Yesterday was a bad day. Plain and simple. One of those really cruddy days where you have a ton of stuff to do but no time to do it and all you want is a nap; or you have a billion things that need to be printed and your printer breaks in 5 different ways (including telling you it has a broken pipe....what the heck does that even mean?? Who put a pipe in my printer?); or no matter how hard you try to keep him entertained, a certain little man is not satisfied unless you are either sitting on the floor with him or holding him; unless you want to change his diaper then he kicks you and tries to crawl away. It's especially epic when all of these things are happening at once. You know...."those days." Regardless of what form they take on for you, you all know what kind of days I'm talking about.

Yesterday was my day. John came home and tried to rescue me by picking up after hurricane Rowan, and I ran out of the house crying all the way to Bible study. This I blame on our second child wreaking havoc on my emotions before she has even made her oxygenated debut.

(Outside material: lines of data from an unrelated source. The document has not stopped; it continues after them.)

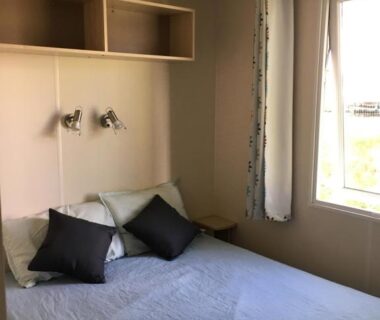 Chambre avec lit double coussins et fenêtre du Mobil Home pour 6 personnes climatisé à quelques minutes des plages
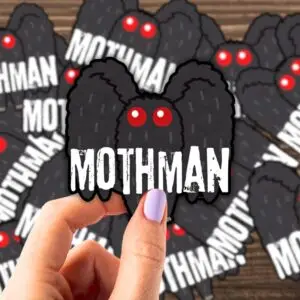 A hand holding a Mothman sticker over a table with a bunch of Mothman stickers on it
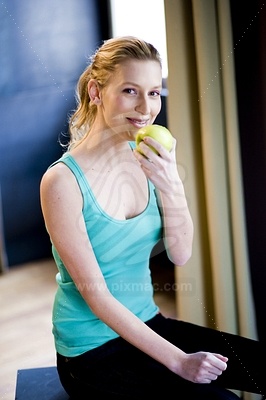 Young Woman Eating Green Appleфотография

We had gotten a babysitter until 8:30 last night so that I could go to Bible study and John could go to his flag football game. Needless to say, when Bible study ended at 7:30 I took it as a free gift from God to go spend some much-needed time with Him. So, off to PJ's coffee I went. And here is what came to me when I got there.

It is very difficult for me to get time with God at home. I don't just mean open-my-Bible-and-read-a-few-verses time. That I can manage. I mean sit down, focus my mind on enjoying Him, pour out my heart and really listen time. Even if I wait for Rowan's naps, I can't stop my mind from going to all the things that need to be done around the house. Something needs to be cleaned, or organized, or made ready for when Rowan wakes up, or for when his little sister gets here. Something needs to be cooked, or thawed. There's a list that needs to be made. Prayer letters need to be written, emails sent and students encouraged. Friends need to be caught up with, Bible studies need to be made, and events need to be planned. Even when I have time, I don't FEEL like I have time.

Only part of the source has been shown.